In my opinion, participation should be a recognized Olympic sport. Just like you, I have watched the gymnasts push strength and flexibility to astonishing limits. The skiers hurtling down steep slopes that would scare me half to death-how do they do this? The swimmers gliding through water as if it were air, at record breaking speeds. The ski jumpers, high jumpers and long distance runners-could I in any way be related to them? The luge competition-how does anyone come to love to hurtle down a winding path of ice at incredibly high speeds?
Should the Olympic commitee decide to revise their list of sports, I might be game to try out in a few areas. The “water until you are blue in the face” contest, I believe I could qualify for the American team. The “plant, maintain, mourn, and replant” sporting event is right up my alley. The endurance digging event-I would have a sporting chance to finish in the top 20. I cannot believe I would not be a contender for a gold medal in hand wringing. I might even consider the pruning competition. The world series of annual planting, which would of course take place over 4 months-this I might try out for. My trying out for any of the aforementioned sports implies that I have a big dose of the persistence gene. Those people who run the 60 second dash, and the marathoners or triathalon people could not begin to compete with me over the long run.

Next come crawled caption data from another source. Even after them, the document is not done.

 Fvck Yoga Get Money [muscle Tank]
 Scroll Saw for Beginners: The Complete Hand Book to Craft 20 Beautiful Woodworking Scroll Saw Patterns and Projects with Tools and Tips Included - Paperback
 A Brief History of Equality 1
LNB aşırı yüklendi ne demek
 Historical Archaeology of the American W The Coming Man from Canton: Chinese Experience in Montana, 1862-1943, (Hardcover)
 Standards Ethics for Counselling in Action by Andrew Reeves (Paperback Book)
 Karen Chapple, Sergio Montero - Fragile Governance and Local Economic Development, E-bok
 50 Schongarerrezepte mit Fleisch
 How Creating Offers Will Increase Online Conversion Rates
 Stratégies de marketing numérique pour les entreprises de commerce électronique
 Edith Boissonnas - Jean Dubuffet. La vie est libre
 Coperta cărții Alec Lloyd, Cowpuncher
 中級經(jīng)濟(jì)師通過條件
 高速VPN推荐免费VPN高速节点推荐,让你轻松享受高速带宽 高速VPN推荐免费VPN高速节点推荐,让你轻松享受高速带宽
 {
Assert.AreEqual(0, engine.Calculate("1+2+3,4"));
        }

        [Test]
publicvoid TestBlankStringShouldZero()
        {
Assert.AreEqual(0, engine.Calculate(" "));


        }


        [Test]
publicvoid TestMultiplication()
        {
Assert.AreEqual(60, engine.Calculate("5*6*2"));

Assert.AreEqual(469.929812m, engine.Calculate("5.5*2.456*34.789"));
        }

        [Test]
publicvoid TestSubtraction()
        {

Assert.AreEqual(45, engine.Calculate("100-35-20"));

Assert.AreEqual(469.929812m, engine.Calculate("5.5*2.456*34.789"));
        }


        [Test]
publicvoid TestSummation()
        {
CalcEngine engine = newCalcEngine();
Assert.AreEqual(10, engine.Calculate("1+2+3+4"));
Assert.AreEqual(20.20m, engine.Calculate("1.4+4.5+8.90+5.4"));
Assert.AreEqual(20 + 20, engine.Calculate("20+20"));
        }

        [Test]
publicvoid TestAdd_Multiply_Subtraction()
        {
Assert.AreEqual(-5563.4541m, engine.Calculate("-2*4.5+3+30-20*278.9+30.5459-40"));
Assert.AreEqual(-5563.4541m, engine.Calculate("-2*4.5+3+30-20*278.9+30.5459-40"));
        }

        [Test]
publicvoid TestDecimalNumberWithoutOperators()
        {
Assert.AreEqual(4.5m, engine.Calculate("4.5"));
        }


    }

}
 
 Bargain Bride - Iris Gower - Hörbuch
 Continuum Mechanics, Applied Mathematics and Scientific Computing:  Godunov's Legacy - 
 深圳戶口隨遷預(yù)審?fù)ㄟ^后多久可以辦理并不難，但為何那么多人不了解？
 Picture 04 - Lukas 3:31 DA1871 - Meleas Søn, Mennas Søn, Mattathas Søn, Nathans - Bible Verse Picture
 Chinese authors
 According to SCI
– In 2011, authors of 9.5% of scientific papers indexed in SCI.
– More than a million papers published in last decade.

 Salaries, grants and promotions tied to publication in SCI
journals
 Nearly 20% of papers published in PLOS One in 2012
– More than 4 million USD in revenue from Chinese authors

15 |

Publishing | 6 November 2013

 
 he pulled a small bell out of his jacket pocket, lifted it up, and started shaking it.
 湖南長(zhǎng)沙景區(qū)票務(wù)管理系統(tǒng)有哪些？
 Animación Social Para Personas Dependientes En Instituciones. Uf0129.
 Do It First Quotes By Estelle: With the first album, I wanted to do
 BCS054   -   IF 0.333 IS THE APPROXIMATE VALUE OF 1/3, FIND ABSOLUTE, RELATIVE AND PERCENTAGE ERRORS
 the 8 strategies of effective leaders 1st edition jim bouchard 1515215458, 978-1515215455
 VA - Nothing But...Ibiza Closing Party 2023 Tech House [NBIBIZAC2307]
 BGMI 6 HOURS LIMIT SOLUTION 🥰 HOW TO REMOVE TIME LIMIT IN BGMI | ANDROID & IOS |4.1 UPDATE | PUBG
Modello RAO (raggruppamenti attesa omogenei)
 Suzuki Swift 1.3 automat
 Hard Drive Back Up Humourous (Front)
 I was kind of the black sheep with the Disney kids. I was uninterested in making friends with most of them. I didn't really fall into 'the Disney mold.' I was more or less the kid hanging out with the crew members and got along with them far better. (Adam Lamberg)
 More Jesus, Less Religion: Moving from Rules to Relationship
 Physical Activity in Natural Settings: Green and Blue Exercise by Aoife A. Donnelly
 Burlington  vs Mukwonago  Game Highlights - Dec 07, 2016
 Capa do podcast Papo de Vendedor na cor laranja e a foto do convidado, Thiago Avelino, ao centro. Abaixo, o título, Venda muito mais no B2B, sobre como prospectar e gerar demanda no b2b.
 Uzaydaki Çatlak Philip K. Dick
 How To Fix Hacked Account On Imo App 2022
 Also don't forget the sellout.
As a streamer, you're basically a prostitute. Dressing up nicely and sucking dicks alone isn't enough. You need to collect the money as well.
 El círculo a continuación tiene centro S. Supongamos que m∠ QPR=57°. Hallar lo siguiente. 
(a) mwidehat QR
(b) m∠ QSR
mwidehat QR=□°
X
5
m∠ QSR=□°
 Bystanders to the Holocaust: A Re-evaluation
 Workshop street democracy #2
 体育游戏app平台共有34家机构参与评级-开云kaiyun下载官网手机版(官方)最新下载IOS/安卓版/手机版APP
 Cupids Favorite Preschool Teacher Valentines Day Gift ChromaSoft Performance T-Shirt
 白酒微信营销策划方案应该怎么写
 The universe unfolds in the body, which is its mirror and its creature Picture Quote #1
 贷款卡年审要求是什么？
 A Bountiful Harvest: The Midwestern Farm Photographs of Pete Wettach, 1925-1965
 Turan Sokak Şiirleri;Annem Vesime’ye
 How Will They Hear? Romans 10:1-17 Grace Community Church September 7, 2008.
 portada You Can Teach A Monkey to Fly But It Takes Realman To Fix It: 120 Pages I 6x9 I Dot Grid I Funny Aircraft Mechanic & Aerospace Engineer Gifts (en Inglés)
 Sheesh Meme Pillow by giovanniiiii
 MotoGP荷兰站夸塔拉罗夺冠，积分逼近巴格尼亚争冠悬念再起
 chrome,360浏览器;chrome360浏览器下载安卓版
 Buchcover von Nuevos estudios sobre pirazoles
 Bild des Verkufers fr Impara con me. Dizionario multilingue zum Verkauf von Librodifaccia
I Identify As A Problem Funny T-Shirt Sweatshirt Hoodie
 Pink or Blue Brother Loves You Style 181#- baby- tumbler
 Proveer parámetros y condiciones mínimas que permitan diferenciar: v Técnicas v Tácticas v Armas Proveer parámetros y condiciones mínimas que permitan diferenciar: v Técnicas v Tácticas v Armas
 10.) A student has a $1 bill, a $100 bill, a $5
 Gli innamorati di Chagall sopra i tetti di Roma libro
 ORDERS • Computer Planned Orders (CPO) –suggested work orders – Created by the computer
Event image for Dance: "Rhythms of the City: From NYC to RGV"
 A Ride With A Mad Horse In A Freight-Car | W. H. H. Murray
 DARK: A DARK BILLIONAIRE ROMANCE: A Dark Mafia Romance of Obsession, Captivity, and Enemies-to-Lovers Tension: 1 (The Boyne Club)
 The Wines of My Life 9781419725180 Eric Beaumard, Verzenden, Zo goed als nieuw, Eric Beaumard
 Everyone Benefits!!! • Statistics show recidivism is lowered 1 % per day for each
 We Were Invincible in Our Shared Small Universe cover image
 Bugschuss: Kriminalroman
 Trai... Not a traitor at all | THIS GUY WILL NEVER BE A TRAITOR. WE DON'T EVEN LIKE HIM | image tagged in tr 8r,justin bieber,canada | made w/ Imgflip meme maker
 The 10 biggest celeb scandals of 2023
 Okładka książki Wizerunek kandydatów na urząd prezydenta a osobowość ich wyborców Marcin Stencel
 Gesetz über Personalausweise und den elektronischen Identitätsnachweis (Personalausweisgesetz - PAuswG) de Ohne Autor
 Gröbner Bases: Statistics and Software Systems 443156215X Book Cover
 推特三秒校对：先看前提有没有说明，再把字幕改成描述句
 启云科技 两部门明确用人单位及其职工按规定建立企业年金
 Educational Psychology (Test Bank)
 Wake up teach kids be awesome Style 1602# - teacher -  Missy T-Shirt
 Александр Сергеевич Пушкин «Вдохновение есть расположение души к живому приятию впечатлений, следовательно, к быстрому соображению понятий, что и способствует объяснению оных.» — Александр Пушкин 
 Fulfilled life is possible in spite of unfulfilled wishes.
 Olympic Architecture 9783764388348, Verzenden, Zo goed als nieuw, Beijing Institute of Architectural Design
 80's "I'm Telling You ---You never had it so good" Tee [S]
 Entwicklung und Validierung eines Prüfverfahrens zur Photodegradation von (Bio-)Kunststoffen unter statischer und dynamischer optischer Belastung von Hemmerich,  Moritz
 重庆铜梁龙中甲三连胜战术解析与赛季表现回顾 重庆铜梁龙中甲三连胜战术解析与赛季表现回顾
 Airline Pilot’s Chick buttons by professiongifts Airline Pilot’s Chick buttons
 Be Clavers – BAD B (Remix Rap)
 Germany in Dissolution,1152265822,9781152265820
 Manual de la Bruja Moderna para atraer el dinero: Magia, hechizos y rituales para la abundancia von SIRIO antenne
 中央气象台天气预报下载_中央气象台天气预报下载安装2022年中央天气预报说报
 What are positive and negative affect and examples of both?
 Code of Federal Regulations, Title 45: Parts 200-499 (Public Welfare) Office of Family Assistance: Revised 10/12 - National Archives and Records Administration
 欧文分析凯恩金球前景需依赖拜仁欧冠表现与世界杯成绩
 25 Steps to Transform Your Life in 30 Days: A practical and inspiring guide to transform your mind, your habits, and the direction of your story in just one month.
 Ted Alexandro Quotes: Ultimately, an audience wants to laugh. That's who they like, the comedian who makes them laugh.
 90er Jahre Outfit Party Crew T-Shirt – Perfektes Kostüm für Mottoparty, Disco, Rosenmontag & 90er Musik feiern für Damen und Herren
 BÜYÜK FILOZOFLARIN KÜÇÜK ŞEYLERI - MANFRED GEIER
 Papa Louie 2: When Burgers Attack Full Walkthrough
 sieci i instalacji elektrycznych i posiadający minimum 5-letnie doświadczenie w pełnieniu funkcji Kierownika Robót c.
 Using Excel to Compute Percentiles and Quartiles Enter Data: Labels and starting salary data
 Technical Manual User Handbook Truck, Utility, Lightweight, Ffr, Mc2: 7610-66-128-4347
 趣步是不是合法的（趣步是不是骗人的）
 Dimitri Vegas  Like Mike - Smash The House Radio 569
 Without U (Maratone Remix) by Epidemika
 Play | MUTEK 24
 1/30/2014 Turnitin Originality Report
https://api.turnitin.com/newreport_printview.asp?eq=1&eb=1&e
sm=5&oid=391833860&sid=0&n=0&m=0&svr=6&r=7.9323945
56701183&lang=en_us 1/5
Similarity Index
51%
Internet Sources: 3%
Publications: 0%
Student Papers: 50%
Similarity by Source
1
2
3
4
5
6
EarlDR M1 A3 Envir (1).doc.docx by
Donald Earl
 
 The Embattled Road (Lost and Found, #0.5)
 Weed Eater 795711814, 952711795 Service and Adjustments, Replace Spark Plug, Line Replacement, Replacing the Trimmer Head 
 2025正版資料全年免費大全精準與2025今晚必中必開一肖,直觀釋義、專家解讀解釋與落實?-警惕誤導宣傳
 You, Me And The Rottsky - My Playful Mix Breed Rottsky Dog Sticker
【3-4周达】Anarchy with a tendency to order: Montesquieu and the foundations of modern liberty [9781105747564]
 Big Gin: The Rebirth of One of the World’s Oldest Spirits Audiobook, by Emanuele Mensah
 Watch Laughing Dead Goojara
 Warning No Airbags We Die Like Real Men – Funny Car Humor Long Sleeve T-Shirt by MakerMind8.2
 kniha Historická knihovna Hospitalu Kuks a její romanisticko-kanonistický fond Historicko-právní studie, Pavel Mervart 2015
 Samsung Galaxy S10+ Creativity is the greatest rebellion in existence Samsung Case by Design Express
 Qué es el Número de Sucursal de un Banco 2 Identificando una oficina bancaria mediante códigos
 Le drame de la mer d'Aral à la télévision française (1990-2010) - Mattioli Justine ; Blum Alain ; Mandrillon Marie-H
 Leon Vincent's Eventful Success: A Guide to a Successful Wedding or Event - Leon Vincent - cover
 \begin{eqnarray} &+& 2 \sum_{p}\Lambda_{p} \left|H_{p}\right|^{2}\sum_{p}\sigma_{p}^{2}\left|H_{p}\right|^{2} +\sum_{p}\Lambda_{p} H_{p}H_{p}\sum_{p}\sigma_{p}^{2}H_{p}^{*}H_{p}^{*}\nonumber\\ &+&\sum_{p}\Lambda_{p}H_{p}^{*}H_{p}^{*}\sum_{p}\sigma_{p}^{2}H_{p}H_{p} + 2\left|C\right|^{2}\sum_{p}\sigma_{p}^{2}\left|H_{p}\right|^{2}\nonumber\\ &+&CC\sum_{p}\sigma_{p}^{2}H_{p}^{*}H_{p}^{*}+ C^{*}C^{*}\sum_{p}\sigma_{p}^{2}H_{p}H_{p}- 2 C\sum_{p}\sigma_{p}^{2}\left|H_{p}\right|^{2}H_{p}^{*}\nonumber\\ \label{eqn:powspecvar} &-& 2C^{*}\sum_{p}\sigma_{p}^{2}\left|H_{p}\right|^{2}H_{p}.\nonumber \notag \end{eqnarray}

I participate in my garden. When I am not participating-I see all the signs. Most things that languish or fail-I am to blame. I am too tired to water. I do not take the time to figure out what isn’t working. I let this or that slide until I have a problem right up close and undeniable. But in general, I am really persistent. I still love planting and growing-I have been actively involved in this pursuit for 36 years.
But all of my persistence with a landscape project involving a client does not amount to a hill of beans, unless I have a partner/client who participates. It is not their job to know how to participate. It is my job to make an outline, coach, and communicate. But I know my limits. I cannot force anyone to participate-nor would I want to. There are those who have no inclination to participate; this I admit, reluctantly. Nurturing a landscape relationship that is about to catch fire is much different than mounting an eloquent defence. I hate defending. I like connecting about a goal to be determined.
The gene for participation has to be there.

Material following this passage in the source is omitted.